From a purely Pakistani perspective, the US-led coalition war in Afghanistan is going nowhere. If recent developments are any indication, the Taliban-inspired insurgency is on the rise. Taliban strength seems to be growing and they are taking on the coalition forces in larger numbers and more often. Their suicide bombers are taking a heavy toll both of the Afghan and ISAF troops and the area of their activity has widened.
There is also a marked swing of popular sympathy in favour of the Taliban because of the mounting collateral damage in terms of human life and population dislocation caused by the aerial bombings by the Nato planes on suspected Taliban hideouts.
As a result, the Karzai government's writ has failed to move beyond the municipal limits of Kabul, and the foreign forces have succeeded in establishing their control only in air or over their heavily fortified bases.
That's what prompted President Pervez Musharraf to tell the Toronto-based Globe and Mail the other day that the coalition forces should underpin their military campaign with diplomatic efforts. Observing that in Afghanistan "it is only the military strategy that is working" at present, the President strongly called for adoption of a multi-pronged strategy by introducing a political element of negotiations between the Afghan warring factions.
According to him, the warring factions are the Afghan government and coalition forces on one side and the Taliban and non-Taliban on the other. He thinks there are some other groups, who may be presently inactive or repressed by the Taliban, who too should be engaged.
"You sitting in the West don't know anything. So, don't teach me, come and learn from us. Come and understand the environment, and then decide what has to be done. We are doing more than any other country". Surely, it was a sort of changed Pervez Musharraf, his bluntness resulting from his being badgered by the 'not enough, do more' mantra.
If recent Afghan history is any guide, one would know that the Afghans are essentially political animals. They are good fighters but equally astute negotiators. Over the last 30 years or so they have not only fought fiercely against a superpower and then among themselves but have also conducted a number of political experiments. Unfortunately the outsiders do not understand their fight-fight, talk-talk system of politics.
For instance, in 1994 when about a dozen Islamabad-based Western ambassadors were taken to Herat and Kandahar by the then interior minister, Naseerullah Babar, in search of a new leadership to replace the ever-quarrelling Mujahideen commanders there was hardly a word said about the Taliban. But within a month of that visit the Taliban emerged on the scene.

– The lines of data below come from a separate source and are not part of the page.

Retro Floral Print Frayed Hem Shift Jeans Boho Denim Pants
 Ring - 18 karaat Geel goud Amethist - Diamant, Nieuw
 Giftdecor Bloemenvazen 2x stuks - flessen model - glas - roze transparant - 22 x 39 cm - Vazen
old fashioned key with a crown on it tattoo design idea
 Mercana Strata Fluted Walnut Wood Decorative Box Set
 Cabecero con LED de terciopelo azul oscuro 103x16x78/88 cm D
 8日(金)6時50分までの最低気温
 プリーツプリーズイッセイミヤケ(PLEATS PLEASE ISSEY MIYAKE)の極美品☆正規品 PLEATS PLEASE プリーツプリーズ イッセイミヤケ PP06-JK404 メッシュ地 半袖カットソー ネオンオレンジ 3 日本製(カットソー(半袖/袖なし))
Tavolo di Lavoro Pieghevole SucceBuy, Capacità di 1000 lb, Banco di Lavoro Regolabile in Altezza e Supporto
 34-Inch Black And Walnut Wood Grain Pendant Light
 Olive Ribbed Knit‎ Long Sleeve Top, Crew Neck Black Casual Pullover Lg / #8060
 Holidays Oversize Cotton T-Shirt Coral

In no time they captured Kandahar and then most of the country almost without firing a shot to set up a drug-free, weapon-free Afghan society. Indeed, it was to the great wonderment of the outside world, but it aptly symbolised the Afghan imponderables. The quarters that are interested in securing a stable Afghanistan should explore the whole range of options, not just the military, which given the Afghan history has very limited applicability.